Bir zamanlar çok sevdiği sandığın insanı unutmak için zamana bıraksanda...
Zaman sadece yaraları sarıyomuş..
Yıllar sonra ilk defa bu kadar sarsıldığımı ve enterasınki ilk defa bu kadar rahatladığımı hissettim...
Aşkın yasındayken bile içimde hala ölmeyen birşeyler bırakabilmişim demekki...
Yaptığın hamleyle son deminide vurdun yüreğime, artık içimde sana ait bişey kalmadı...
Ait olmadığın bu yüreğe sahipte olamadın..Hiç kimse senin kadar sevilmedi bu yürekte bu kadar uzun...Yüreğim seni çok sevmişti..
Kimbilir kaç yıl geçti kaç sene oldu unutmadım, unutamadım, affedemedim derken şimdi git, yüreğim vazgeçti senden, kovdu seni...
Sen benim ilk göz ağrım ilk yanılışım
sen benim aldanışım aşkta yanlışım
Bu gidiş ayrılıktan daha bi zor geldi....
Bu gizli sessiz veda inan çok koydu...
Sevdanın da aşkın da en koyusunu da en mateminide yaşadım sende...Yüreğimin derinliklerinde tek sen vardın... Senle dolu olan yere yıllardır kimseyi koyamamıştım.. Ne kadar uzun zaman geçmişti oysa...
Oysa seninle yola çıkıp başladığımızda neredeydik, bitirdiğimizde nereye geldik...
Daha ilk günden belliydi.. demiştim sana bizim seninle sonumuz yok.. gülmüştün bana.... Hislerim beni her zaman olduğu gibi yanıltmamıştı...

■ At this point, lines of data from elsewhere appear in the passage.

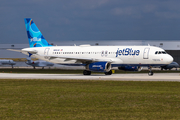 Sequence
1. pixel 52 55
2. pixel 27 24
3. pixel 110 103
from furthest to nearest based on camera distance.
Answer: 1. pixel 27 24
2. pixel 52 55
3. pixel 110 103

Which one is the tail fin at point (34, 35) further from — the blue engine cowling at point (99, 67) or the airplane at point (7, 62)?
the airplane at point (7, 62)

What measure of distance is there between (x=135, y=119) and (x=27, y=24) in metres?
47.4

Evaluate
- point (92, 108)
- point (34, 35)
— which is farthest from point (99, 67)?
point (92, 108)

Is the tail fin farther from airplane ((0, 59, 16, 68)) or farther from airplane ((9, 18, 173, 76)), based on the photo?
airplane ((0, 59, 16, 68))

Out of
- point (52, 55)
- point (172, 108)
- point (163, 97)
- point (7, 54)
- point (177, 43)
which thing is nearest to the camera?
point (172, 108)

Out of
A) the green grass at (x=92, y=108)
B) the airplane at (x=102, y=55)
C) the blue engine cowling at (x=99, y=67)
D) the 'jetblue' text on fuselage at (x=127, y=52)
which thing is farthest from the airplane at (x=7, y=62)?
the green grass at (x=92, y=108)

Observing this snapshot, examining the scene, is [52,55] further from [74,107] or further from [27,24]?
[74,107]

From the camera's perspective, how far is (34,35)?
56594 mm

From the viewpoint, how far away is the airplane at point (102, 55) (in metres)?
46.1

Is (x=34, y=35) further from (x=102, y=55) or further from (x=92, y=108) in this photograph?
(x=92, y=108)

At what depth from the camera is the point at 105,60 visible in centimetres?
4866

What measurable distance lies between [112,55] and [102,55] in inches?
73.0

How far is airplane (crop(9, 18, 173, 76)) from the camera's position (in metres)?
46.1

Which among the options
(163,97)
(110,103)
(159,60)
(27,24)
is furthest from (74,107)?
(27,24) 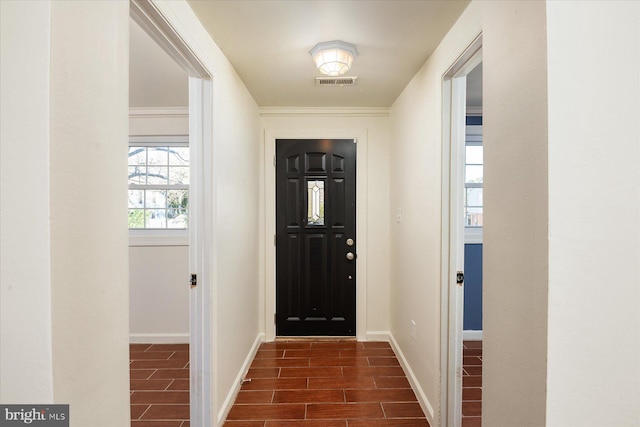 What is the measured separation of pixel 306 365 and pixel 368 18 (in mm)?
2592

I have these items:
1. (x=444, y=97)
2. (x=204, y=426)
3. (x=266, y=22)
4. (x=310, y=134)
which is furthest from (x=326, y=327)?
(x=266, y=22)

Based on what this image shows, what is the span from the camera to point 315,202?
346 centimetres

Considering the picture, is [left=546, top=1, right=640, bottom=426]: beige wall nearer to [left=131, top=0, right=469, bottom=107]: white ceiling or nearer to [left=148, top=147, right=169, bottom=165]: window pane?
[left=131, top=0, right=469, bottom=107]: white ceiling

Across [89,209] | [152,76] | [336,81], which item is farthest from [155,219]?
[89,209]

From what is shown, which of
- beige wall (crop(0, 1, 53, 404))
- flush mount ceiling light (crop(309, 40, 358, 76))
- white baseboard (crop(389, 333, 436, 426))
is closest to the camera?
beige wall (crop(0, 1, 53, 404))

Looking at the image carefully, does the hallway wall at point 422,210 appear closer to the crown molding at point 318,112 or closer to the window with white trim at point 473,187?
the crown molding at point 318,112

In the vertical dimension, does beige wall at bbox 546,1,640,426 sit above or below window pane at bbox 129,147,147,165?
below

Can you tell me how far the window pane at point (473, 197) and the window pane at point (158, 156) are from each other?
125 inches

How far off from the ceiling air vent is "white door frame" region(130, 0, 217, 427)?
3.08ft

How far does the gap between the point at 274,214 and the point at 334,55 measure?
1.80 meters

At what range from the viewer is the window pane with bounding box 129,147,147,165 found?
3549 mm

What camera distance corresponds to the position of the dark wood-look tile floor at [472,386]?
7.18 feet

Yaşadıklarıma bakınca nelerin savaşını vermiştik beraber.. Neleri göze almış, karşımıza kimleri almış, uğruna nelerden vazgeçmiştik..... Seni bir rahat bırakmayan eski sevgilin, sonra sevgililerin..ihanetin.. yalanların..kıskançlığın..saçmalıkların...kaçmaların...o sağlam kurduğunu sandığın inşaatın temel taşlarını. bir gün geldi yerlerinden oynatmaya başladın.. İlşki ilk sarsıcı depremlerine yaşamaya başlamıştı başlamasına ama sonrası bi muammaya dönmüştü...
Güvenmiştim sana... Gözümün içine baka baka en kötü yalanlarını bile söylediğinde,yapmaz dediğim şeyleri yapmaya başladığında bile inanmıştım sana...Çünkü her seferinde beni ikna etmenin bi yolunu bulmuştun...
Uzun bir hasret ve bekleyiş döneminide kavgayla, kıskançlıkla, tüm zorluğa rağmen atlattığımızı sanmıştık.. Ama bu dönem bizden bi çok şeyi almış götürmüştü.. Beni yaralarken seni çok değiştirmişti.. Geldiğinde seni tanımakta güçlük çekmeye başlamıştım..
Sonra senin doğum günündü.. Sana süpriz yapmak istedim.. İş yerinden izin almam imkansızken ben almıştım..
Nerden bilebilirdim o zamanlar bunu kabusa çevireceğini..
Bi sabah beni aradın..Huzursuzluğun telefonada yansımıştı... Herşeyi bitiren o lanet olası telefon görüşmesi iyi geçmedi...
Geride bırakılan 3 yılın özeti olmuştu senin bu son sözlerin... Ben ayrılık kararı aldım..Ayrıldım senden..
Yağmurlu bir gündü.. dışarıya çıktım hiç yürümediğim kadar uzun yürüyüşler yaptım... Yağmur hem beni hem yüreğimi ıslattı..
Hazmedemediğim, kabullenemediğim o kadar çok şey bırakmıştınki geride... Kendimi bi anda enkazın altında buldum.. Derin yaralar açtın hem hayatımda hem de yüreğimde... Tedavisi mümkün olmayan bi hastalık gibiydin, kurtulmak için çabaladıkça boğuluyordum..
Sonra kendimden ve senden kaçabildiğim kadar kaçmaya çalıştım.. Nereye gitsem senide götürüyordum...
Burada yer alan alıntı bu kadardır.